- [Supplied material]
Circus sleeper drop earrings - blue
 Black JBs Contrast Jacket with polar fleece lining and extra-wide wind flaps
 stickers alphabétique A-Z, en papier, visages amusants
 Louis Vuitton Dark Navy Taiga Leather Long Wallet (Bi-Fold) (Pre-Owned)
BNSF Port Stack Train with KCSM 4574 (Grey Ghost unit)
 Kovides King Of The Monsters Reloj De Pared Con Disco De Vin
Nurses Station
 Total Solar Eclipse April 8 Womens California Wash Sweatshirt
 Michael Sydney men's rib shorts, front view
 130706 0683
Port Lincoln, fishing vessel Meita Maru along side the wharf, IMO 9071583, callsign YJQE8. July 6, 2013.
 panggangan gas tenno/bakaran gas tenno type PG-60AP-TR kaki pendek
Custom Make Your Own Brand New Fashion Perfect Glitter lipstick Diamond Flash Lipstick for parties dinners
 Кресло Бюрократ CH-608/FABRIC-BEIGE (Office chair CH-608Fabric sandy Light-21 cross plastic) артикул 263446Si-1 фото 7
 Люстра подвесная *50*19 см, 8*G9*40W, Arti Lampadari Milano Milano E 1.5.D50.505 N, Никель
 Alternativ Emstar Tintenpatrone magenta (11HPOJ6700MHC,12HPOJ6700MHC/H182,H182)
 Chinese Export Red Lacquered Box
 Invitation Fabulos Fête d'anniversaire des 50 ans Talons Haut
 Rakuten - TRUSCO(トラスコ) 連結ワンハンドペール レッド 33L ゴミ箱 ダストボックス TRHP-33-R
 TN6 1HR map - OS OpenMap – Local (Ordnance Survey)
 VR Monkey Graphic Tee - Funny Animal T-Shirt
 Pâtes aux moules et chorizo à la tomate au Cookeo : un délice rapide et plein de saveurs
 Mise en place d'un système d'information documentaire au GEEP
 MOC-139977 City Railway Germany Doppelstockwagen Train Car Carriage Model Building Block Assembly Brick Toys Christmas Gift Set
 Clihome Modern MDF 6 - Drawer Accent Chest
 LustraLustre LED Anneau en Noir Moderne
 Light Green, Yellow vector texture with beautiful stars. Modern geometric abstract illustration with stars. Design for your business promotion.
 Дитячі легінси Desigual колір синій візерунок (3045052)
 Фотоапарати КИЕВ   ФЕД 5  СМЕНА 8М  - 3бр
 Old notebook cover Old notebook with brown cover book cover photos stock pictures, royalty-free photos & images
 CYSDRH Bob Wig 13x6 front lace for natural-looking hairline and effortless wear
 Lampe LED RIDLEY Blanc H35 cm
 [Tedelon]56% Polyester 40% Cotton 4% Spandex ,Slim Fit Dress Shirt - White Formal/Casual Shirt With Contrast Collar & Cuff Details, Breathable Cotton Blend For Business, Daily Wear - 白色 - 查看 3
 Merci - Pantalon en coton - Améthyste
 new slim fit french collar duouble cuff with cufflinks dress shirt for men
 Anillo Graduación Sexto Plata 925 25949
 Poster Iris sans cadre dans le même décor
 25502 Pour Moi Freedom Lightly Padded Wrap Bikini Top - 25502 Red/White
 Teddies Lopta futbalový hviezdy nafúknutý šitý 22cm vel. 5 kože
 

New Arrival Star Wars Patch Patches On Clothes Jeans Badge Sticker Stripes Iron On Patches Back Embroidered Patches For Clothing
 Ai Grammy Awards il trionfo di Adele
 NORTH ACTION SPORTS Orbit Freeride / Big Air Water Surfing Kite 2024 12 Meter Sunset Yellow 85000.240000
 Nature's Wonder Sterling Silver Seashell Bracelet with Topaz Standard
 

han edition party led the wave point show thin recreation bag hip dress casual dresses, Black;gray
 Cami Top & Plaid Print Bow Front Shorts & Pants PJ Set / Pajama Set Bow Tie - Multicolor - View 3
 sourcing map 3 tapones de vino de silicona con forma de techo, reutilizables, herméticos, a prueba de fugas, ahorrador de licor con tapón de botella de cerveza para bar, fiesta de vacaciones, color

- [Work item] Give back every line of the data exactly.

- [Solution to this problem]
Circus sleeper drop earrings - blue
 Black JBs Contrast Jacket with polar fleece lining and extra-wide wind flaps
 stickers alphabétique A-Z, en papier, visages amusants
 Louis Vuitton Dark Navy Taiga Leather Long Wallet (Bi-Fold) (Pre-Owned)
BNSF Port Stack Train with KCSM 4574 (Grey Ghost unit)
 Kovides King Of The Monsters Reloj De Pared Con Disco De Vin
Nurses Station
 Total Solar Eclipse April 8 Womens California Wash Sweatshirt
 Michael Sydney men's rib shorts, front view
 130706 0683
Port Lincoln, fishing vessel Meita Maru along side the wharf, IMO 9071583, callsign YJQE8. July 6, 2013.
 panggangan gas tenno/bakaran gas tenno type PG-60AP-TR kaki pendek
Custom Make Your Own Brand New Fashion Perfect Glitter lipstick Diamond Flash Lipstick for parties dinners
 Кресло Бюрократ CH-608/FABRIC-BEIGE (Office chair CH-608Fabric sandy Light-21 cross plastic) артикул 263446Si-1 фото 7
 Люстра подвесная *50*19 см, 8*G9*40W, Arti Lampadari Milano Milano E 1.5.D50.505 N, Никель
 Alternativ Emstar Tintenpatrone magenta (11HPOJ6700MHC,12HPOJ6700MHC/H182,H182)
 Chinese Export Red Lacquered Box
 Invitation Fabulos Fête d'anniversaire des 50 ans Talons Haut
 Rakuten - TRUSCO(トラスコ) 連結ワンハンドペール レッド 33L ゴミ箱 ダストボックス TRHP-33-R
 TN6 1HR map - OS OpenMap – Local (Ordnance Survey)
 VR Monkey Graphic Tee - Funny Animal T-Shirt
 Pâtes aux moules et chorizo à la tomate au Cookeo : un délice rapide et plein de saveurs
 Mise en place d'un système d'information documentaire au GEEP
 MOC-139977 City Railway Germany Doppelstockwagen Train Car Carriage Model Building Block Assembly Brick Toys Christmas Gift Set
 Clihome Modern MDF 6 - Drawer Accent Chest
 LustraLustre LED Anneau en Noir Moderne
 Light Green, Yellow vector texture with beautiful stars. Modern geometric abstract illustration with stars. Design for your business promotion.
 Дитячі легінси Desigual колір синій візерунок (3045052)
 Фотоапарати КИЕВ   ФЕД 5  СМЕНА 8М  - 3бр
 Old notebook cover Old notebook with brown cover book cover photos stock pictures, royalty-free photos & images
 CYSDRH Bob Wig 13x6 front lace for natural-looking hairline and effortless wear
 Lampe LED RIDLEY Blanc H35 cm
 [Tedelon]56% Polyester 40% Cotton 4% Spandex ,Slim Fit Dress Shirt - White Formal/Casual Shirt With Contrast Collar & Cuff Details, Breathable Cotton Blend For Business, Daily Wear - 白色 - 查看 3
 Merci - Pantalon en coton - Améthyste
 new slim fit french collar duouble cuff with cufflinks dress shirt for men
 Anillo Graduación Sexto Plata 925 25949
 Poster Iris sans cadre dans le même décor
 25502 Pour Moi Freedom Lightly Padded Wrap Bikini Top - 25502 Red/White
 Teddies Lopta futbalový hviezdy nafúknutý šitý 22cm vel. 5 kože
 

New Arrival Star Wars Patch Patches On Clothes Jeans Badge Sticker Stripes Iron On Patches Back Embroidered Patches For Clothing
 Ai Grammy Awards il trionfo di Adele
 NORTH ACTION SPORTS Orbit Freeride / Big Air Water Surfing Kite 2024 12 Meter Sunset Yellow 85000.240000
 Nature's Wonder Sterling Silver Seashell Bracelet with Topaz Standard
 

han edition party led the wave point show thin recreation bag hip dress casual dresses, Black;gray
 Cami Top & Plaid Print Bow Front Shorts & Pants PJ Set / Pajama Set Bow Tie - Multicolor - View 3
 sourcing map 3 tapones de vino de silicona con forma de techo, reutilizables, herméticos, a prueba de fugas, ahorrador de licor con tapón de botella de cerveza para bar, fiesta de vacaciones, color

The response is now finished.